On 11/18/22 11:40, Dheeraj Kumar via dev wrote:
> Problem Statement:
> Before OVS 2.12 the OVS-DPDK datapath transmitted processed rx packet batches
> directly to the wanted tx queues. In OVS 2.12 each PMD stores the processed
> packets in an intermediate buffer per output port and flushes these output
> buffers in a separate step. This buffering was introduced to allow better
> batching of packets for transmit.
> 
> The current implementation of the function that flushes the output buffers
> performs a full scan overall output ports, even if only one single packet
> was buffered for a single output port.
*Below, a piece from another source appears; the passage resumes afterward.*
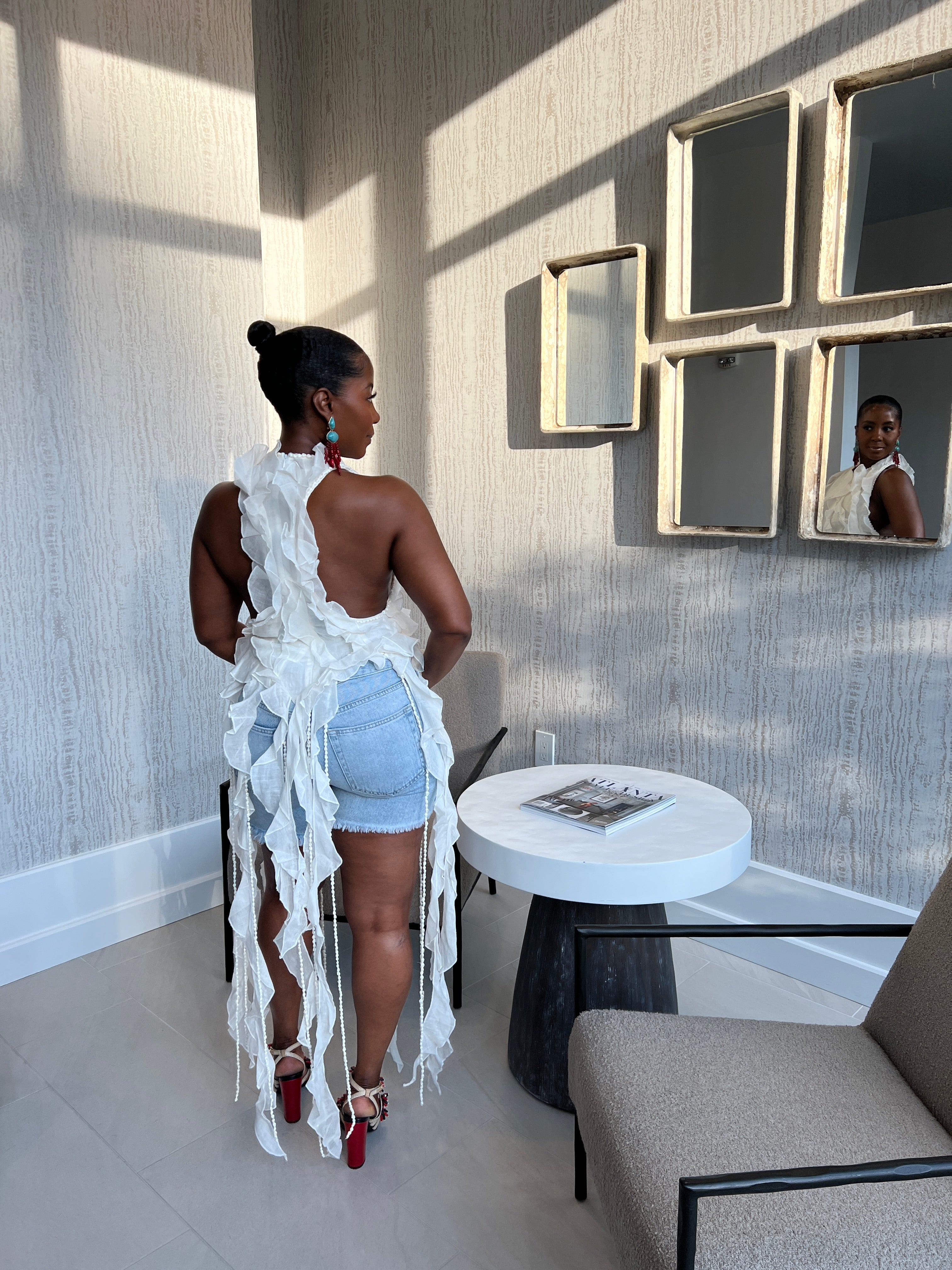 Light Wash Distressed Denim Shorts | FINAL SALE - The Vault by Sacha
In systems with hundreds of ports
> this can take a long time and degrades OVS-DPDK performance significantly.
> 
> Solution:
> Maintain a list of output ports with buffered packets for each PMD thread and
> only iterate over that list when flushing output buffers.
> 
> Signed-off-by: Dheeraj Kumar <dheera...@acldigital.com>

Hi, Dheeraj.  Thanks for the follow up and sorry for delay.

Please, add the version number to the subject prefix while sending
new versions of patches, e.g. '[PATCH v2]'.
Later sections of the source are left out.